All the great puck carriers, great passers and great shooters can stick handle, position and shoot or pass the puck with their head up; this requires a lot of focused repetitive training. Because stick handling is such an integral part of hockey, stick handling should be one of the first things that a player learns and practices.
Hockey players can practice stick handling both on and off the ice. The important thing, especially for young players, is simply to have a stick in their hands and play with a puck. Street hockey games are a great way to develop stick handling skills but a player should also practice stick handling alone to focus on his technique and to learn new skills.
Stick handling can be practiced off the ice in your basement, garage or in your driveway. You can use a ball (tennis, golf or roller hockey) but a puck provides a better simulation. The more the puck and stick slide on the surface, the better it is for stick handling.
Learning stick handling
First, stick handle with your eyes fixed on the puck.
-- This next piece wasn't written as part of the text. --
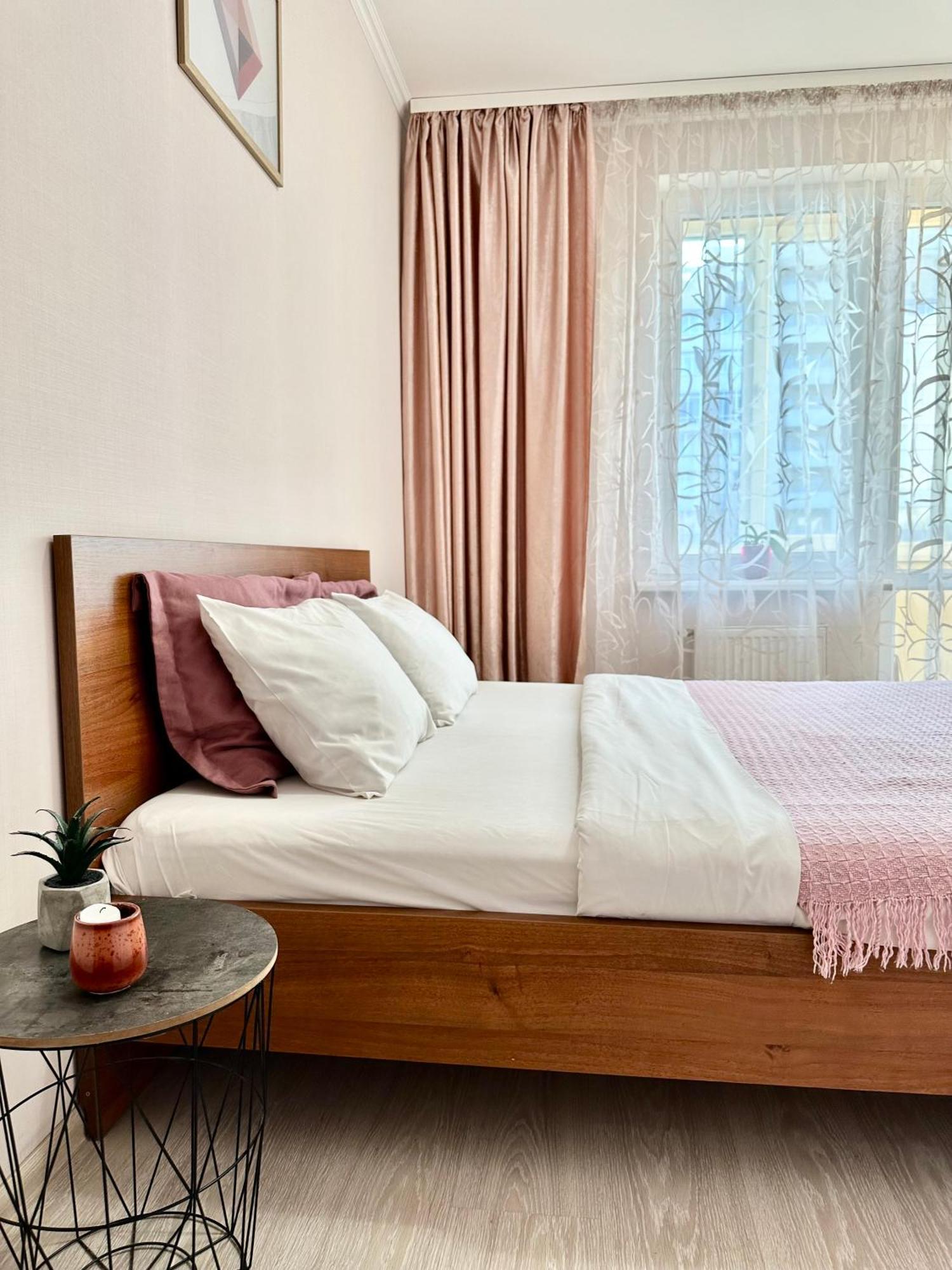 Apartments With A Coffee Machine In The City Center, Near A Park And Zlata Plaza Rivne Dış mekan fotoğraf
Move the puck within a 12 to 18 inch span using a back and forth soft sweeping motion. Develop a comfortable rhythm, do not over handle the puck There should be very little impact and almost no sound.
Practice side-to-side dribble, forward-to-backward dribble and diagonal dribbling. Master stick handling in a stationary position and then practice stick handling while moving forward, sideways and backwards.
Improving Stick Handling
Gradually take your eyes off the puck and fix them on your target or simply stick handle with your eyes closed. Master stick handling in a stationary position and then practice stick handling while moving forward, sideways and backwards. Develop a feel for the position of the dribbled puck. Stick handle the puck close to your feet and with full arm extension. Practice all the stick handling drills taught by your coach on the ice such as the forehand shift, the backhand shift and puck protection.
Set up cones (use 2 liter pop plastic bottles half filled with water) and stick handle through them. Try not to look at the puck and keep count of the number of times you can stick handle through the cones without losing control of the puck. As you make the move around the cones, practice the fake motion for deking players.